[[ DATA FOR PROCESSING open ]]
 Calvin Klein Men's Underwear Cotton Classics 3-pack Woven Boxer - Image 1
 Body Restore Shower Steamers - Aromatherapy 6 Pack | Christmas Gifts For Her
[[ DATA FOR PROCESSING closed ]]
[[ DATA FOR PROCESSING open ]]
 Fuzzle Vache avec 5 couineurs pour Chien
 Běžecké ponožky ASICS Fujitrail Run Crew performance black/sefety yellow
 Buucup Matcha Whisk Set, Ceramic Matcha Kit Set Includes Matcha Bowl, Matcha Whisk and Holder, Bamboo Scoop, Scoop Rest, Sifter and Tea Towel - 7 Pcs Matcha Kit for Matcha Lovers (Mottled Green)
[[ DATA FOR PROCESSING closed ]]
__WHAT YOU ARE ASKED TO DO__: Look above for the line containing "Běžecké ponožky ASICS" and the line containing "Buucup Matcha Whisk". Transcribe both, with the lines between them, exactly.

__COMPLETED EXERCISE__:
 Běžecké ponožky ASICS Fujitrail Run Crew performance black/sefety yellow
 Buucup Matcha Whisk Set, Ceramic Matcha Kit Set Includes Matcha Bowl, Matcha Whisk and Holder, Bamboo Scoop, Scoop Rest, Sifter and Tea Towel - 7 Pcs Matcha Kit for Matcha Lovers (Mottled Green)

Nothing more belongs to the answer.